Having a reliable and knowledgeable team is critical in this industry, as they’ll ultimately help you keep expenses down, as well as provide genuine support throughout each stage of the investment process. This team includes: wholesalers to help source properties, contractors for the work itself, an insurance agent, a lender, an accountant, and a real estate agent to help you quickly market & sell the home. One thing to keep in mind when building your team is that the ‘lowest price’ contractor or agent isn’t necessarily the best for your overall budget – it’s best to select contractors based on both a price AND quality of work (get reviews from prior clients).

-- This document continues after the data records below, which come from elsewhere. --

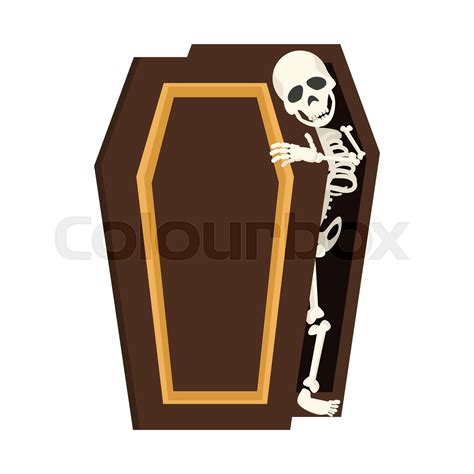 skeleton wake up in coffin cartoon | Stock vector | Colourbox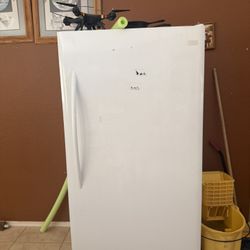 Frigidaire 16.6 Cu. Ft. Upright Freezer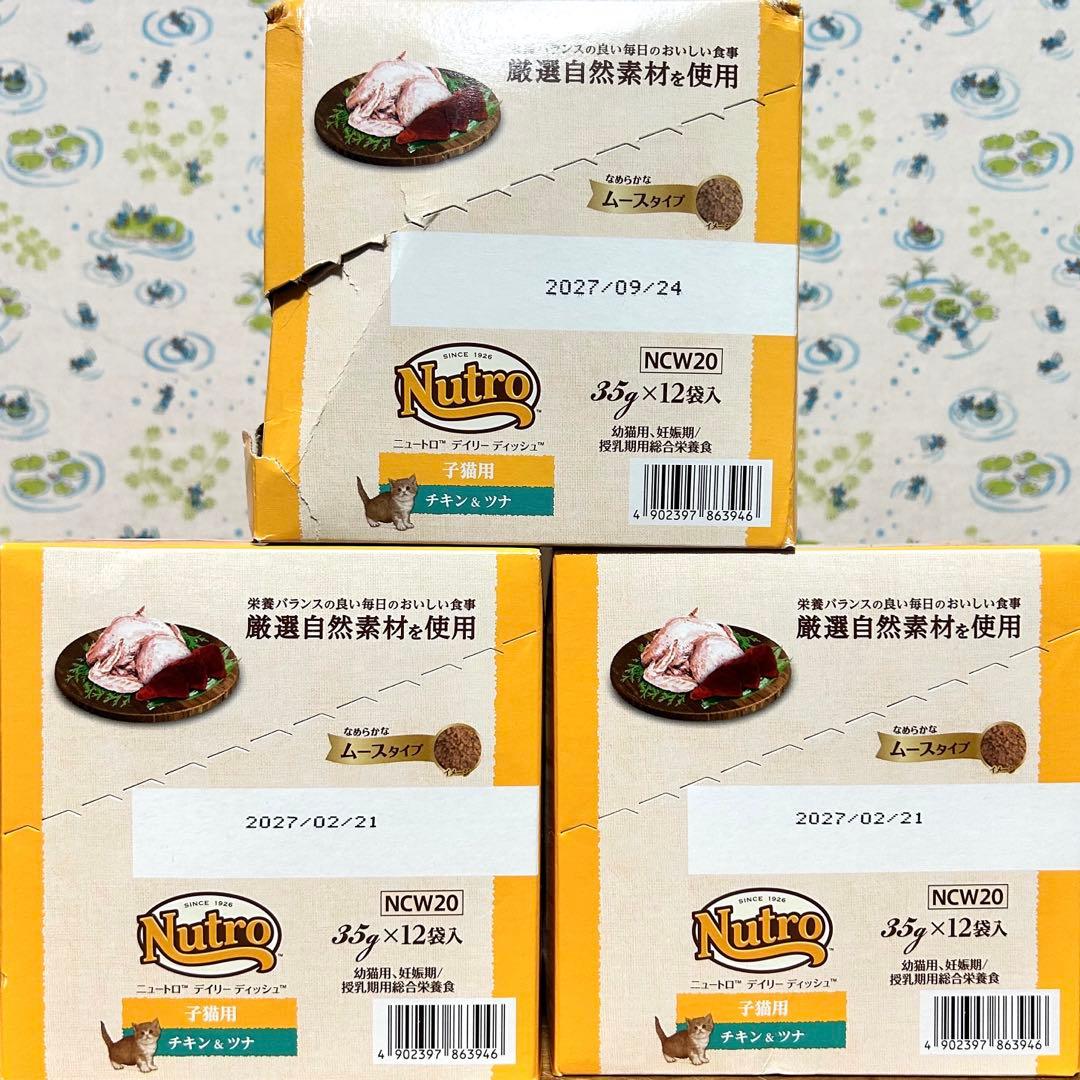 子猫用ウェットフード　まとめ売り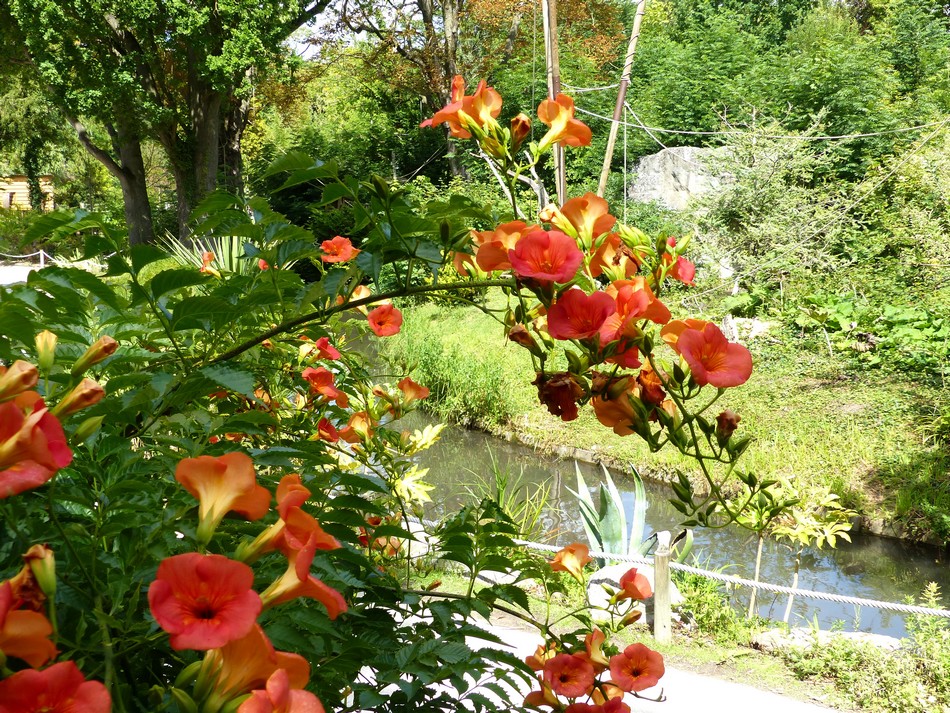 Nous voilà déjà à la mi-août !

We’ve seen unreliable contractors walk off the job, ultimately leaving the property owner scrambling for someone new while sitting on a half-completed project.

Our Recommendation: Unless you are a GC yourself or have an established team, be proactive about vetting potential General Contractors and subcontractors, as their quality & swiftness is key to flipping your property to drive profit!

Even for our most experienced borrowers who have been in the industry for many years, the Fix & Flip industry is undoubtedly a constant learning opportunity given national and local markets developments, changing consumer preferences, and the ability for unforeseen obstacles to arise at any time.  But if you go into the process with a prudent mindset and equip yourself with a reliable team, you’re off to a good start.  It then comes down to your understanding of the market, the type of home you’re looking for, and the diligence to stay up-to-date with listings and move swiftly to close. There is no one definition for success in this industry, but our recommendations for achieving it are based on many years of experience in the industry dealing with borrowers and properties of all types.